Photographers, amateur and professional alike, from around the globe braved the cold weather of December to capture stunning images of 2021’s final full moon.
December’s Cold Moon rose on Friday night. It is both the longest full moon of the year and the last before the winter solstice on Tuesday, December 21.
While the Cold Moon—named for December’s cold temperatures which also gives rise to the alternative titles of “Frost Moon” or the “Winter Moon”—was at its peak on Saturday, NASA said that skywatchers had three days to catch the moon in full glory.
The space agency said the moon would appear full from Friday evening to Monday morning, declaring the period a “full moon weekend.” And photographers definitely took advantage of this extended period to capture the full moon.

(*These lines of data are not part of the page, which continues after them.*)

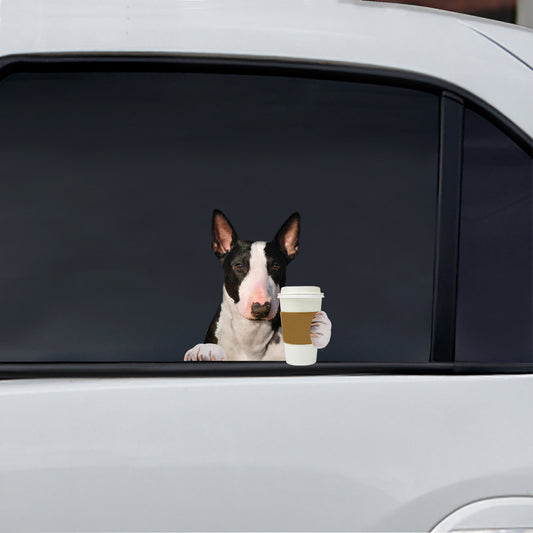 Bonjour - Bull Terrier Voiture / Porte / Réfrigérateur / Autocollant pour ordinateur portable V2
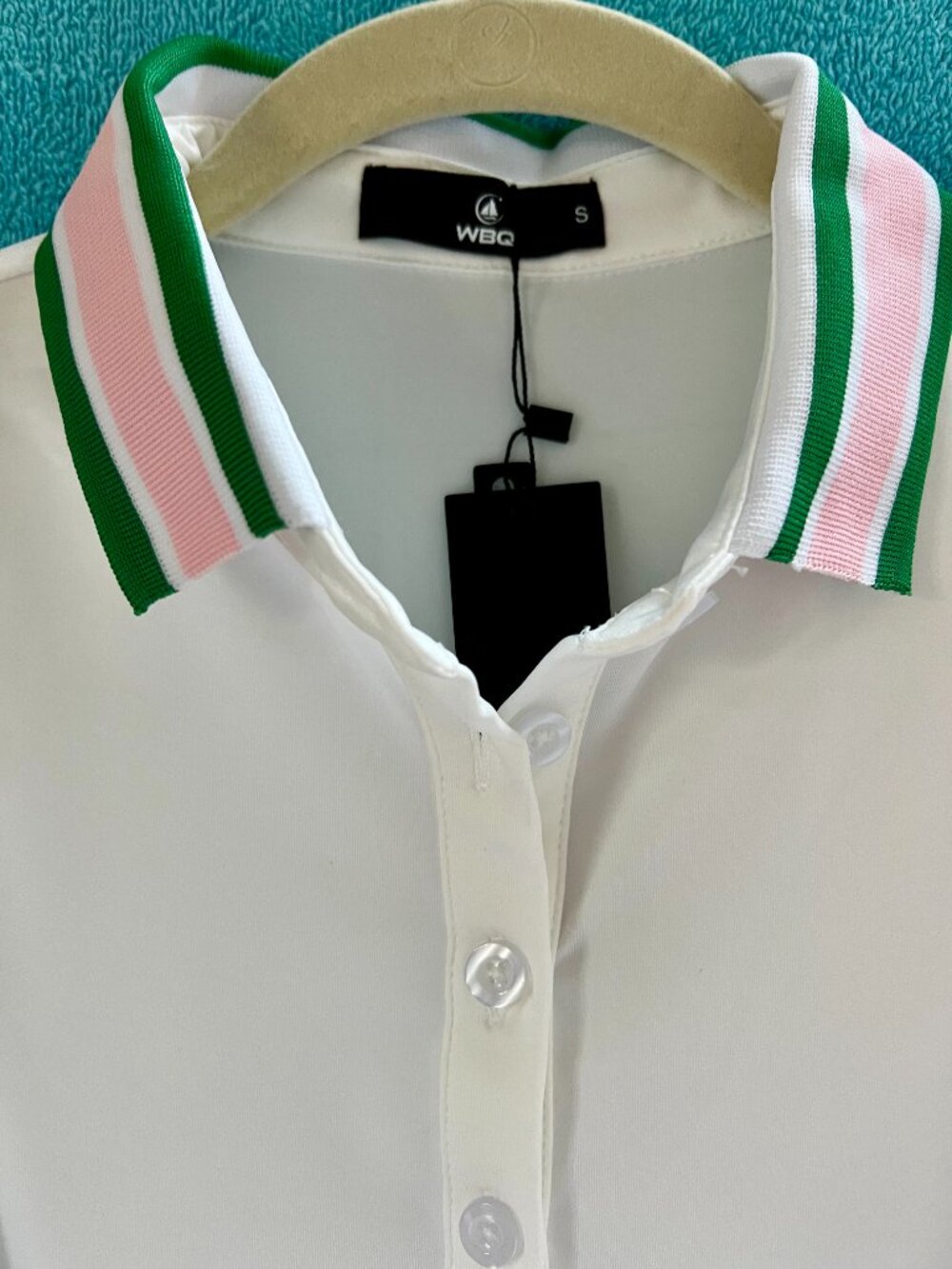 WBQ White Tennis Dress w/ Shorts | Pleated - Picture 5 of 9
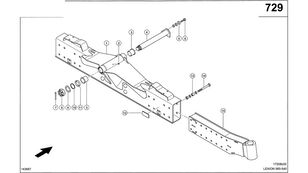 axle for Claas Lexion 560 grain harvester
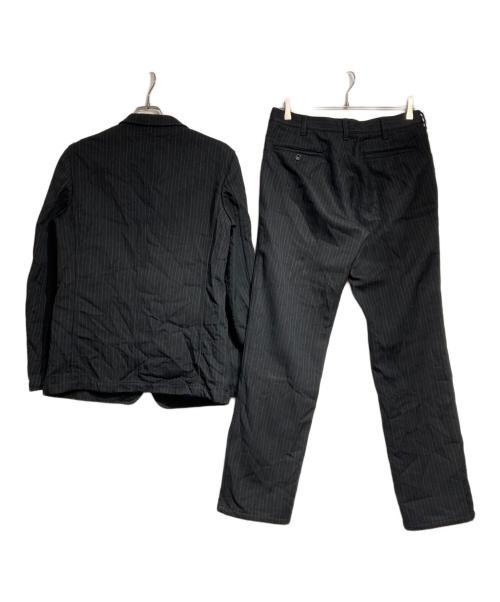 COMME des GARCONS HOMME（コムデギャルソン オム）COMME des GARCONS HOMME (コムデギャルソン オム) ウールストライプ3Bセットアップスーツ/Wool Striped 3-Button Suit  ブラック サイズ:Ｓの古着・服飾アイテム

The image below shot on Sunday shows the Cold Moon partially shrouded by clouds, from Moscow.
In a scene that wouldn’t look out of place in an epic Hollywood blockbuster, this New York photographer captured December’s full moon as it rose behind the observation deck of Edge NYC, the highest observation deck in the western hemisphere.
The image was captured by Hudson Bay, New York, on Friday, December 17.
A clearer image of the Cold Moon looking suitably frost-white was captured from Siliguri, a city in the northeast Indian state of West Bengal that sits at the foot of the Himalaya mountain range.
Twitter user Jamal Nasir, who goes by the name The Moon Guy, caught a different aspect of December’s Full Moon. Capturing the Cold Moon from Pakistan on December 19, showing it framed behind foliage, the moon takes an almost warm orange hue in the photographer’s images.
Nasir told Newsweek: “Capturing full moons has always been relaxing and peaceful. This picture holds a special place in my collection because I always wanted to capture the full moon behind palm tree branches.”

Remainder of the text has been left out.